When the CRA was created during the Carter administration, the administration also funded with tax dollars numerous "community groups" that have helped the Fed, the Comptroller of the Currency, and other federal regulatory agencies to enforce the act. Under the CRA, if a bank wants to make virtually any change in its business operations — merging, opening up a new branch, getting into a new line of business — it must first prove to regulators that it has made "enough" loans to the government's preferred borrowers. The (partially) tax-funded "community groups" like ACORN (Association of Community Organizations for Reform Now) can file petitions with regulators that stop the bank's activities in their tracks, perhaps defeating them altogether. The banks routinely buy off ACORN and other "community groups" by giving them millions of dollars as well as promising to make even more dubious loans.
Geee.... there is ACORN again...showing up right in the middle of DC politics... and essentially acting as a government-funded extortionist!
In order to try to diversify the risk of these loans, the Federal Home Loan Mortgage Company ("Freddie Mac") pioneered the "securitization" of bundles of these high-risk loans so that they could be sold on secondary markets. Such "securitization" exploded during the 1990s as a result of government regulation. As Fed Chairman Ben Bernanke himself stated in a March 30, 2007 speech entitled "The Community Reinvestment Act: Its Evolution and New Challenges"Bernanke wrote:Securitization of affordable housing loans expanded, as did the secondary market for these loans, in part reflecting a 1992 law that required the government-sponsored enterprises, Fannie Mae and Freddie Mac, to devote a large percentage of their activities to meeting affordable housing goals.
The government also "streamlined" the regulatory requirements for CRA loans in 1995, allowing — and indeed pressuring — banks to make such loans without the benefit of many traditional credit-worthiness criteria, such as the size of the mortgage payment relative to income, savings history, and even income verification! Instead, the Fed told banks that participation in a credit-counseling program, many of which are federally funded, could be used as "proof" of a low-income applicant's ability to make his mortgage payments. In other words, federal bank regulators required banks to make bad loans based on nonexistent credit standards.
Do you see the connection yet? Banks were essentially being told that their continued development and expansion of their business could (and would) be held hostage unless they loosened their lending rules. And then we have the story of the "model citizen lender" Countrywide:
In his April 26 New York Post article on the CRA entitled "The Real Scandal," Professor Liebowitz explains how the government's Fannie Mae Foundation singled out one bank in particular as the role model for all other banks in America in terms of its commitment to CRA lending: Countrywide, the nation's largest mortgage lender, had committed to $600 billion in low-income or "subprime" loans as of 2003. Today, Countrywide is essentially bankrupted and has been merged with Bank of America.

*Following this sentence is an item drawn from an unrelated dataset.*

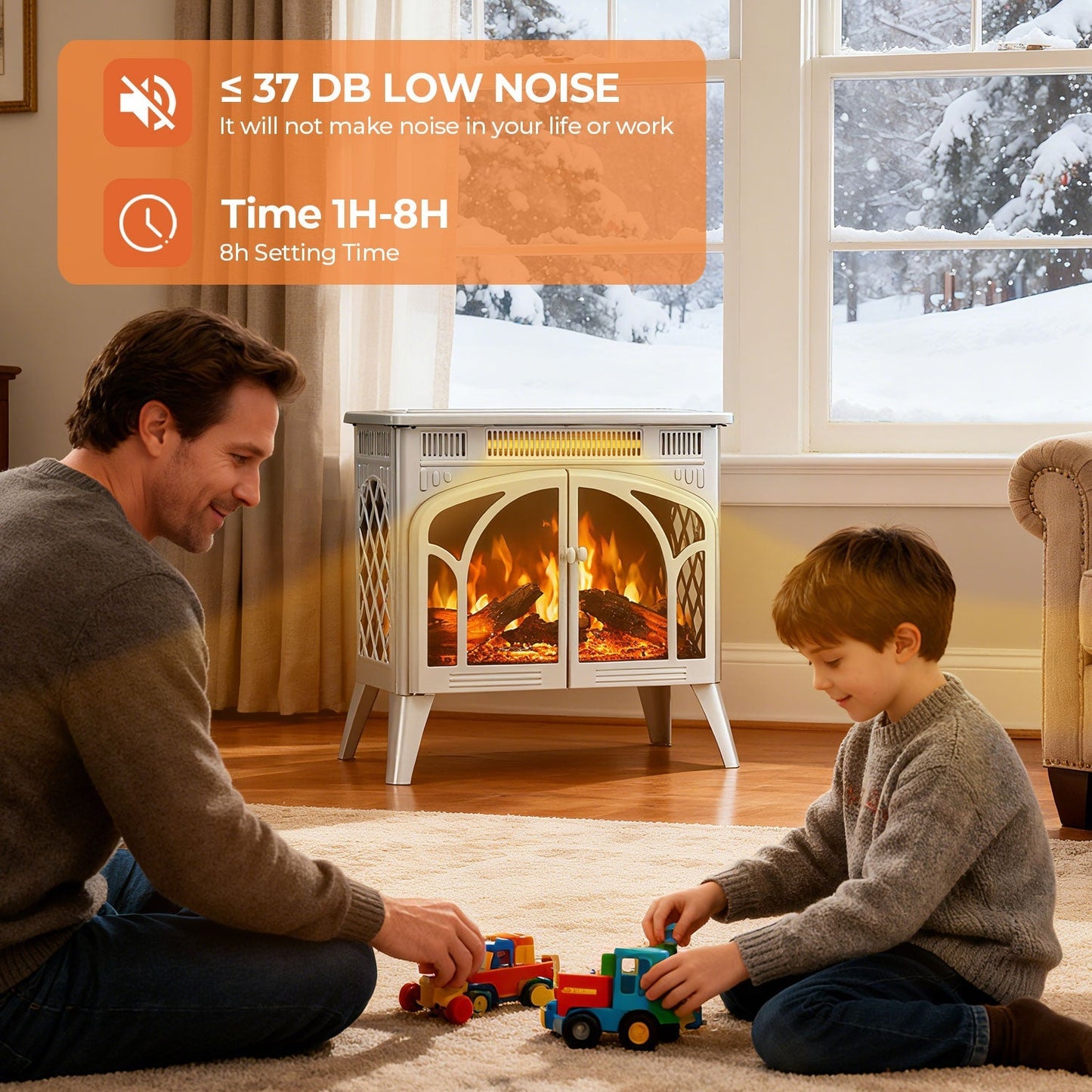 R.W.FLAME 24" Beige 500W-1500W Freestanding Electric Fireplace Stove With Controllable 3D-Flame, 4 Variable Flame and Log Colors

We loved Countrywide right up until the time it could no longer do business...
The myth that the CRA would not be harmful to bank-industry profits was hidden for years by the Fed-created housing bubble, which allowed for easy refinancing of all the bad debt. "[The] CRA increased lending and homeownership in poor communities without undermining banks' profitability," Robert Gordon proudly proclaims. But now that the bubble has burst, all those unqualified borrowers — whom the government calls "subprime," as though their credit ratings are only a tiny, tiny smidgen below "prime" borrowers with the very best credit ratings — are defaulting on their mortgages in droves.
Bank profitability has been extremely "undermined," to put it mildly. The bursting of the Fed-generated housing bubble is the reason why the CRA scam was not exposed until now, despite having been in operation for some thirty years.
The sad thing is... those liberals who presided over this (prior to the Republican controlled Congress taking over on Bill Clinton's second election win) are the ones now pushing for more taxpayer money to shore-up the problem they helped create by leaning on banks. You know, Senator Dodd and Representative Frank.... those who also received large benefits from Fannie and Freddie!